Things not shown in this simulator that could help:

- Slash earmarks even more fiercely.

- Complete withdrawl from Iraq/Afghanistan

- Military spending reform (make the bidding more competitive and better match spending to real military utility, i.e. less superplanes with 3% better performance and more life-saving body armor for each troop in the field).

- Raise capital gains/dividends taxes, we are in a 'recovery' that is mostly finance-driven (i.e. useless). If we had another 5-10% it could make a difference for all those big rich guys who bought up a lot of stock when it was cheap over a year ago.

- Slash subsidies even more fiercely.

- Cut any pork that goes to a specific corporation (or such narrowly defined criteria that it targets a specific corporation)

- Require streamlined education administration nation-wide, reduce overhead expenses relative to spending on direct to student supplies by a set percentage each year until the numbers make sense again.

- Tighten 'descretionary spending' (really a very broad category and a huge chunk of money).

- Stop the stupid bailouts.

- Exercise these massive shares in banks and GM and reform their boards/execs from the inside.

- Cut a lot of federal jobs and contracts (and state level to while we are at it).

- Make multiple agencies funded by fines/taxes on the companies they regulate, and encourage vicious enforcement. For instance MMS actually fining BP every day they didn't meet blowout preventer testing requirements.

- Slash deductions and credits along with the lower and mid bracket rates... don't take the money from people in the first place, and make it less complicated on what they can get back from the government after the fact.

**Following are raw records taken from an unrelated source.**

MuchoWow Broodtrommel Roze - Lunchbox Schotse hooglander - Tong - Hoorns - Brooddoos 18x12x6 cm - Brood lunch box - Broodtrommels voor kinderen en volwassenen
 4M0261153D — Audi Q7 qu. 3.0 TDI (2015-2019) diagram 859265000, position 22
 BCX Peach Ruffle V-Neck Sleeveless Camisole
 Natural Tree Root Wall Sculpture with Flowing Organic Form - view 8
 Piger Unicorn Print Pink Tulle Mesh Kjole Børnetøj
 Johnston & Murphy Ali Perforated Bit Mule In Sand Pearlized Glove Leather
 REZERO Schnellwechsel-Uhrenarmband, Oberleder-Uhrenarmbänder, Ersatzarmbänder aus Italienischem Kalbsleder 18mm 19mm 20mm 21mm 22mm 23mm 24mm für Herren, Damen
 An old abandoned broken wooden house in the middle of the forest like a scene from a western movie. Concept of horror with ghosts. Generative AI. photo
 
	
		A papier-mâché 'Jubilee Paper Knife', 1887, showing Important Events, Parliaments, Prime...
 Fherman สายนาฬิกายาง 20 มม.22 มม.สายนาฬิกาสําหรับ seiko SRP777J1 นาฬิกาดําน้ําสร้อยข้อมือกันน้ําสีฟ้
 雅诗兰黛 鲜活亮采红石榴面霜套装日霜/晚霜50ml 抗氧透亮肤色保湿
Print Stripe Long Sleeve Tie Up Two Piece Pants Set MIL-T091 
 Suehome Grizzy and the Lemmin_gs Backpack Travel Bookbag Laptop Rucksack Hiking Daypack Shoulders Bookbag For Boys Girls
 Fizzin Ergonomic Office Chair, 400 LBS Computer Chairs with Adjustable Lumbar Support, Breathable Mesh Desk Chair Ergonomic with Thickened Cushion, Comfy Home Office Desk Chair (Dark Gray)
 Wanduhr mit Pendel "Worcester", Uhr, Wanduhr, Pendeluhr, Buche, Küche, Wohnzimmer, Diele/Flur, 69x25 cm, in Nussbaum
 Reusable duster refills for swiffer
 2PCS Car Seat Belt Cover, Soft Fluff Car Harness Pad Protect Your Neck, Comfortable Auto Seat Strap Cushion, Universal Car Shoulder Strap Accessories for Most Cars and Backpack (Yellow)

- Aggressive environmental taxation, basically carbon cap trade with some actual teeth to it. Make it a real business to operate cleanly, not just a pony show... kill off companies that can't make a reasonable spec for pollution profile.

- Reduce paperwork bureaucracies for running a business, particularly small businesses. If this means simplified tax code, less busywork, and maybe a little less revenue from fees/fines and dumb costs, it will be made up on the overhead for processing all that garbage being reduced, and doubled by businesses able to spend that money on more useful needs than government compliance.

- Create employer tax credits directly linked to employment expenditures, capped to middle class salary levels. The numbers on this can be gamed to allow for a net increase in revenue in theory (or even easier if you can reliably tie it to 'new employment' although I like the idea of just rewarding employment in general and letting the numbers converge to a positive over the long term). This is a subsidy of course, but it is a pretty clear incentive mechanism and it counterweights itself from increased individual tax revenue. Much more effective than the supply side pork spending we do now in a vague attempt to create jobs (guess what, they pocket most of the pork!).

JediKooter 05-20-2010 04:43 PM

I got it down to 56% for whatever that's worth and didn't touch education and barely touched health care. Do I get a cookie now? :D

Daimyo 05-20-2010 09:33 PM

I'm pretty liberal and it didn't seem too tough to me. The main ones I remember were cutting defense spending, raising the retirement age, and implementing cap-and-trade.

sterlingice 05-20-2010 10:20 PM

I keep getting about the same results, too: "You reduced the debt to 58% of GDP in 2018, and kept it at a sustainable level through 2030."

I'd love to see some sort of dividend, capital gains, and trading taxes and corporate tax reform.

Also, I tried to make it as realistic as I could- I still raised some spending but I didn't have too much tax exemptions and raised taxes quite a bit.

SI

larrymcg421 05-20-2010 10:52 PM

I tried this with keeping these things in mind:

1) I can't go so far that I would be quickly thrown out on my ass and/or lose all congressional support because my party got thrown out on its ass.

2) I tried to go with what I thought would be benificial to the economy, instead of strictly looking at a budgetary outcome. Therefore, I did not simply raise every tax on the rich.

3) Most of my spending was on the middle class and lower class benefit programs (Making Work Pay, etc.). I picked a few of the rich tax increases, avoided the Payroll Tax increase, did not increase retirement age or the years used to calculate benefits.